So, let me start off by saying that I’m painfully aware I read Stargirl by Jerry Spinelli about twelve years too late. Even when you’re late to the party, the punch is still sweet. (What does that even mean? I don’t know, but it made sense in my head at the time.) What I’m saying is this was published in 2000. I was only twelve, and I vaguely remember the cover splashed across pages of book orders (remember that awesomeness? Cool books for CHEAP!) and on shelves in the school library, or at book fairs. My friend Kirsten has always loved this book. There isn’t any real reason why I didn’t get around to reading it. I even think I checked it out from the public library one summer, (and I’m ashamed to say, I must have returned it back unread.) I’ve redeemed myself after a recent trip to the library, though. I saw it’s pretty teal spine on the shelf, and felt it calling my name, demanding to finally be read; so maybe it’s a twenty-four instead of twelve but the story was not lost on me.
Funny to me how I just mentioned that it’s not very often I read novels with male narrators (YA fiction, or not) but here I am again. Stargirl is told from the perspective of Leo Borlock, a junior at Mica High School. Leo is best friends with Kevin Quinlan and together they’ve created a tv show where they interview their fellow students called Hot Seat. This is interesting enough in itself, but not nearly as interesting as the new girl who shows up on the first day of school. Stargirl Carraway. She’s a sophomore who was home schooled all her life, until now. Eclectic is probably the best adjective to describe her. Outrageous outfits (costumes, prairie skirts,) a pet rat named Cinnamon perched on her shoulder. She strums her ukelele in the cafeteria. My kind of girl, all around awesome. She’s basically like a walking ray of sunshine, a permanent cheerleader encouraging everyone around her. Stargirl is basically the epitome of a good samaritan. Walking to the beat of her own drum, she doesn’t care what others think of her, or how she’s perceived. As you can imagine, while this may have been cute and endearing in the beginning, high-schoolers can be moody and mean so eventually the other Mica students don’t find Stargirl’s bizarre behavior so charming, anymore. Leo, caught under the spell of Stargirl’s wonderful ways finds himself in a constant internal tug-of-war. He continually meets the crossroads of decision – whose attention and approval does he value more: the girl who’s captured his heart or his peers – who unlike Stargirl are inconsistent in their loyalties?

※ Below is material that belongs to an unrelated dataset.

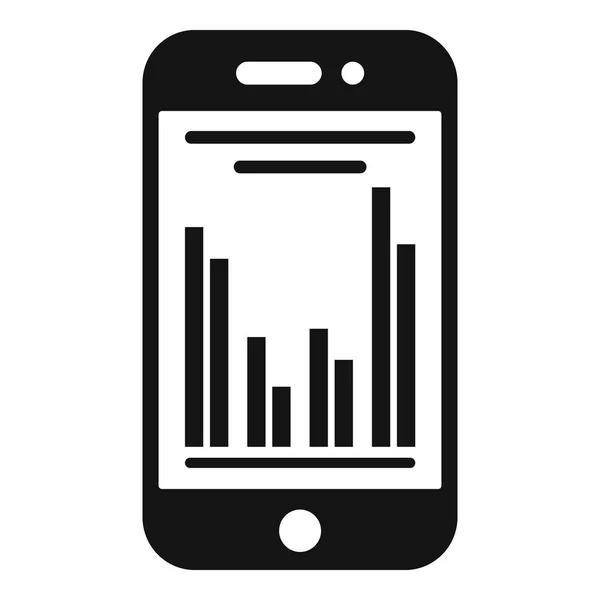 Graphique colonne smartphone écran icône, style simple — Image vectorielle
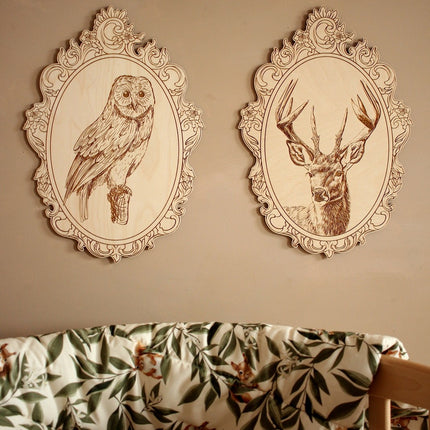 Set of 4 Engraved Forest Animals Pictures with Retro Frame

This novel tugged on my heartstrings, and it nestled in a spot of affection where I think it will remain for years to come. The story is predictable in certain ways as humans sometimes are, although I’d venture to say Stargirl is anything but. In an attempt to not spoil the story, I’ll tell you that it’s a sweet one, sprinkled with love and tenderness the innocence of youth possesses. It’s about decisions, growing up, embracing differences, and learning to not take the special people and moments of our surroundings for granted.
If like me, Stargirl is a book that’s flown under your radar, yet to be detected – I urge you to check it out. I doubt you’ll be disappointed! (And on my last trip to the library this most recent Saturday I checked out Spinelli’s 2007 novel Love, Stargirl which I am sure I will fill y’all in on as soon as I’m finished.)